WHAT IS NEEDED:
Without adding anything, give again the lines from the one holding "фото отеля Zara Motel" through the final line of the records, exactly, with both ends included and pictures dropped.

** SUPPLIED DATA follows **

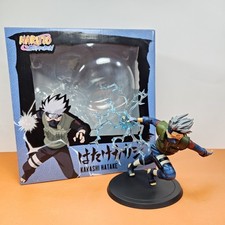 TSUME ART XTRA FIGURES Naruto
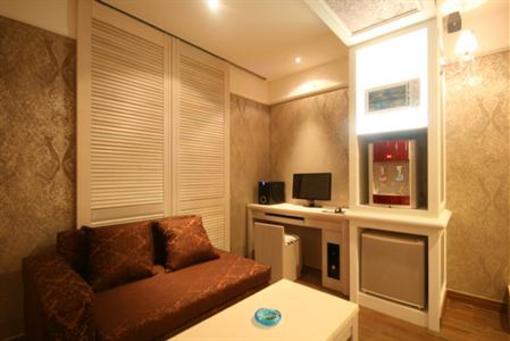 фото отеля Zara Motel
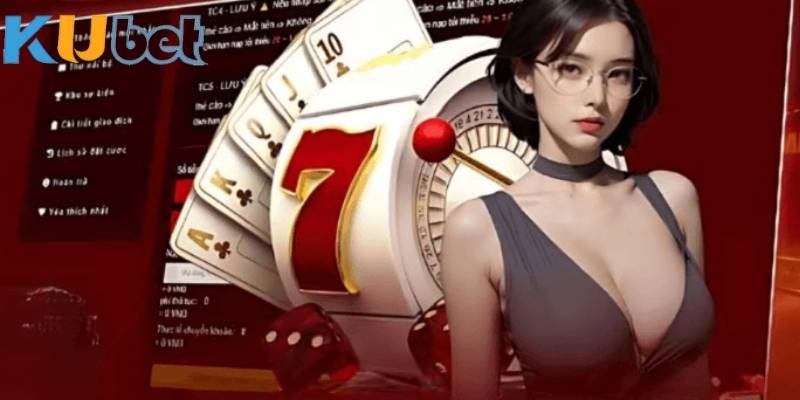 Người chơi có thể KUBET đăng nhập qua website chính thức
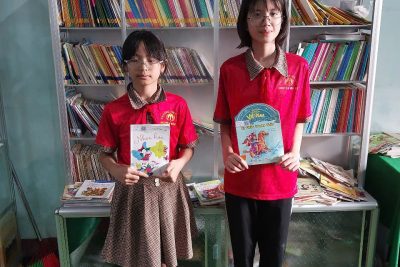 Tuần lễ hưởng ứng học tập suốt đời năm 2024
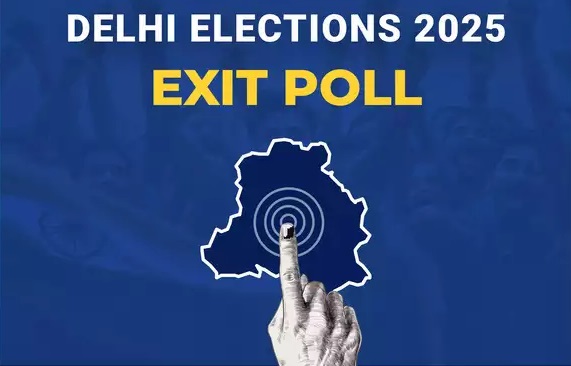 Exit Poll, Delhi Assembly Election, Arvind Kejriwal, Narendra Modi, Atishi Marlena, BJP, AAp, Congress, Voting Day, Delhi Vote,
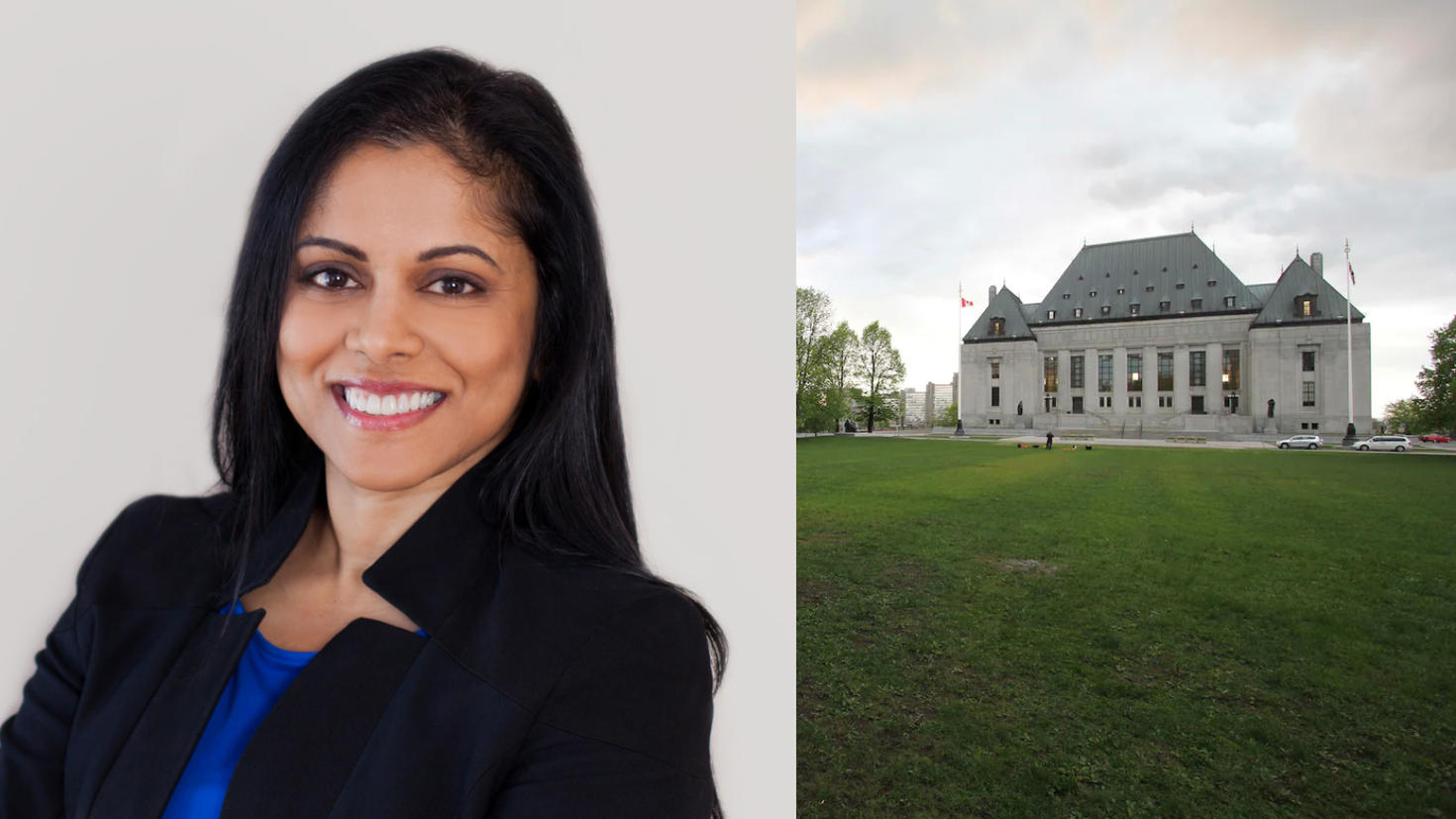 Carissima Mathen leads innovative new project on equality rights and the Supreme Court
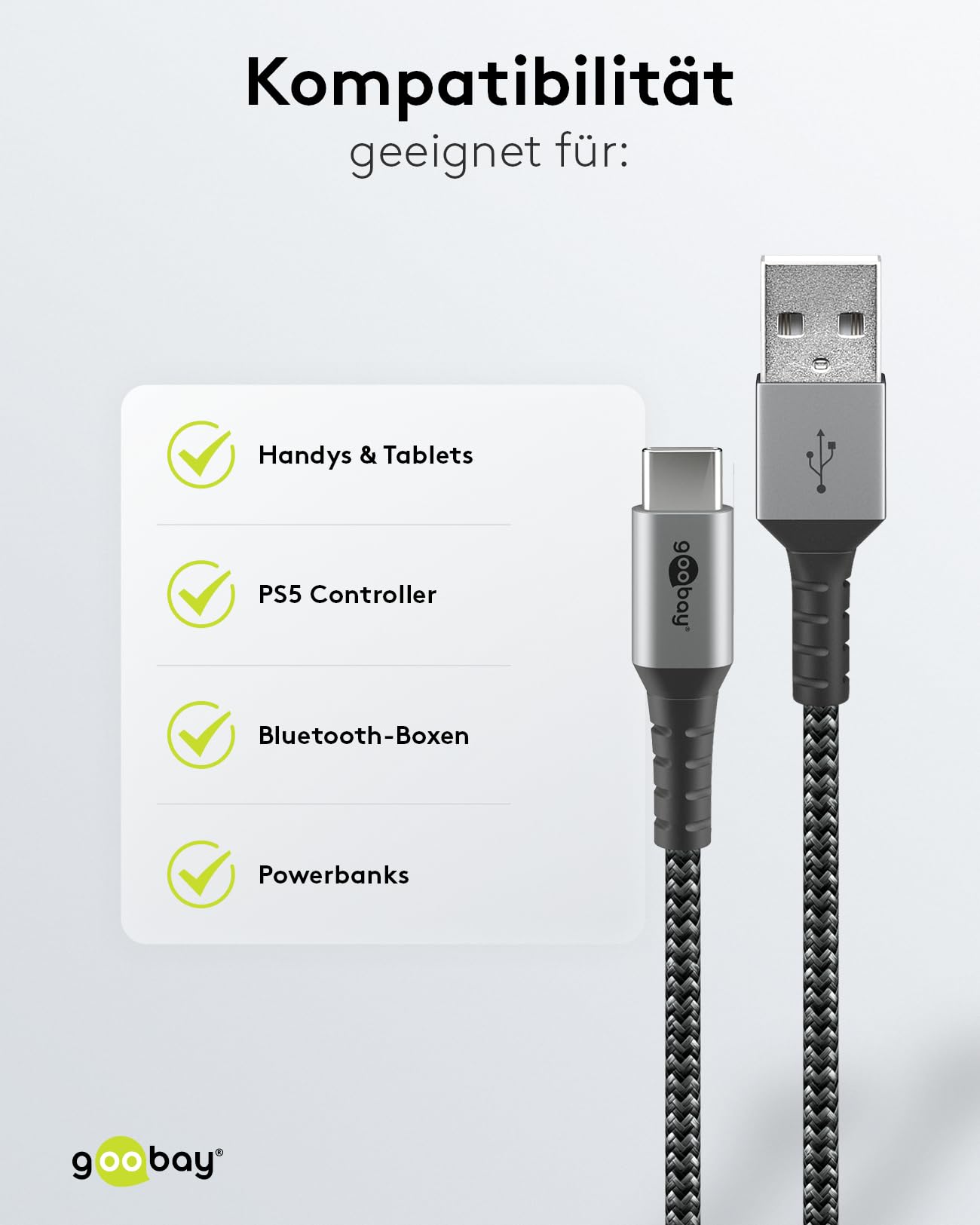 goobay-mobility-usb-c-kabel-2m-60w-textil-space-grey image 5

** End of SUPPLIED DATA **

SOLUTION:
 фото отеля Zara Motel
 Người chơi có thể KUBET đăng nhập qua website chính thức
 Tuần lễ hưởng ứng học tập suốt đời năm 2024
 Exit Poll, Delhi Assembly Election, Arvind Kejriwal, Narendra Modi, Atishi Marlena, BJP, AAp, Congress, Voting Day, Delhi Vote,
 Carissima Mathen leads innovative new project on equality rights and the Supreme Court
 goobay-mobility-usb-c-kabel-2m-60w-textil-space-grey image 5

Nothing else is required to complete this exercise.